PENDUDUK Desa Pelabuhan Ratu, Kecamatan Pelabuhan Ratu, Sukabumi
(Ja-Bar) tidak dapat lagi menangkap siaran TVRI. Tapi mereka
terus saja berlomba-lomba membeli pesawat televisi. Karena
ternyata barang itu merupakan simbol status di desa nelayan
tersebut.
Pada mulanya pesawat tv di desa ini dapat menangkap siaran TVRI
Pusat secara baik melalui stasiun relay di Bukit Cibogo, 6
kilometer dari Pelabuhan Ratu. Stasiun yang didirikan sejak 1973
itu adalah milik Samudera Beach Hotel yang memasang pesawat
televisi di beberapa kamar suite-nya. Penduduk Desa Pelabuhan
Ratu memanfaatkan stasiun itu, sehingga dalam waktu dekat sudah
banyak pesawat tv di desa itu.
Tapi karena letak stasiun relay tadi cukup jauh, 6 kilometer,
kemudian pihak hotel merasa repot mengontrolnya. Lebih-lebih
karena stasiun itu menggunakan tenaga aki. Semula pihak hotel
meminta kepada Tripida Pelabuhan Ratu agar turut merawat stasiun
itu. Namun karena permintaan itu tidak mendapat sambutan, pada
1976 akhirnya pengurus hotel memindahkan stasiun itu tanpa tiang
ke dekat hotel.
Melihat itu penduduk ribut, karena pesawat mereka tak dapat
menangkap siaran lagi. Apalagi sejak stasiun itu disambar
geledek Maret lalu. Di warung-warung, di surau dan di pasar
semua orang bicara tentang siaran TVRI Jakarta yang tidak lagi
dapat ditangkap. Di Cibadak, 60 kilometer dari Pelabuhan Ratu,
sebenarnya juga ada stasiun, tapi alat tersebut hanya mampu
merelay siaran TVRI untuk kawasan Sukabumi dan sekitarnya.
Gerimis
Akhirnya, Juni lalu, Tripida Pelabuhan Ratu bersama
pemuka-pemuka masyarakat minta agar stasiun pemancar milik
Samudera Beach Hotel dikembalikan ke Bukit Cibogo. Pihak hotel
tidak keberatan, asal "mereka bersedia menanggung biaya
perawatannya secara bersama," seperti kata asisten manajer
pemasaran hotel itu, Juddi Haryono Tahar. Nyatanya penduduk
masih sulit memenuhi persyaratan itu.
Tapi sementara itu para pemilik pesawat televisi tak mau
menyerah begitu saja. Pesawat diutak-atik agar dapat menangkap
siaran. Antena dipasang setinggi 15 hingga 20 meter, bahkan
lebih dari 100 meter lalu diputar-putar mencari gambar.
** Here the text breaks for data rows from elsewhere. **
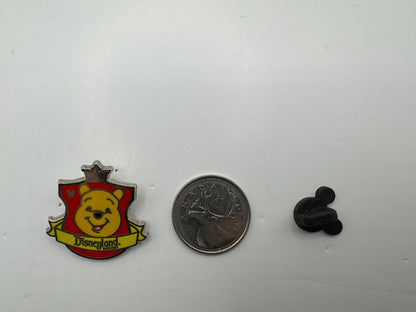 DLR Disney Winnie the Pooh Crests Hidden Mickey Trading Pin DC2S11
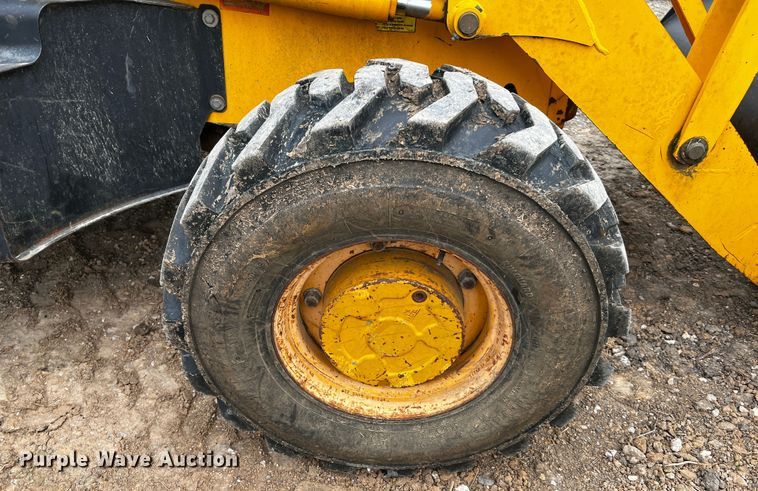 image for item DQ1995 2003 JCB 214  backhoe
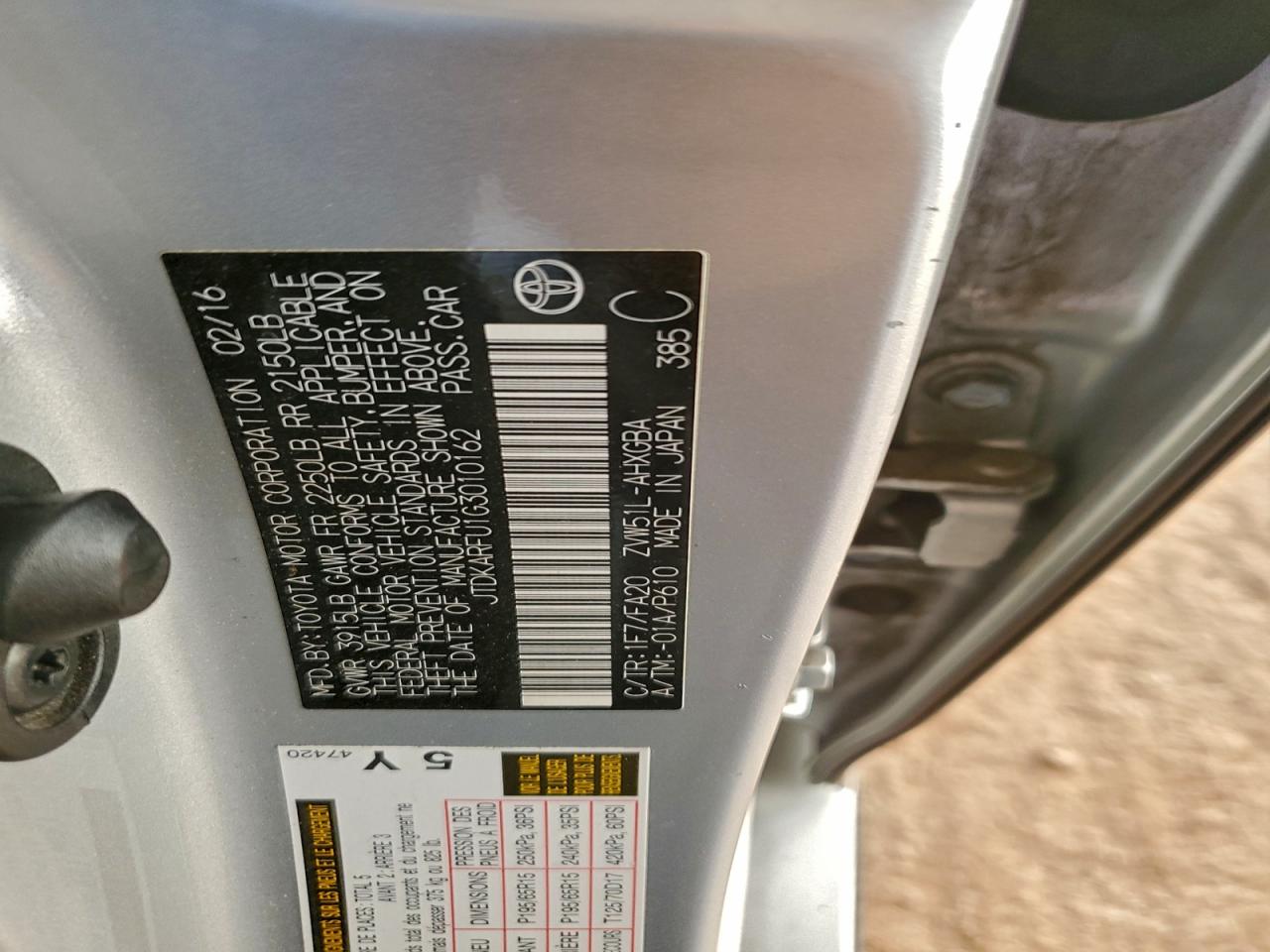 Toyota Prius Image 8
Hasilnya: gambar "hujan gerimis" atau gepeng yang terkadang
hilang samasekali.
Kalau terdengar seorang pemilik pesawat berhasil menampilkan
gambar yang agak bagus ke layar tv-nya, penduduk yang lain pun
ramai-ramai meniru arah antenanya - Bahkan ada pula yang
samasekali memindahkan tiang antenanya ke dekat antena yang
bergambar agak bagus tadi.
Ada pula yang memancangkan tiang antena di tengah sawah. Kalau
siaran masih juga terganggu antena dipindah lagi. Ke mana? "Ke
mana saja asal siaran dapat ditangkap, " kata seorang penduduk.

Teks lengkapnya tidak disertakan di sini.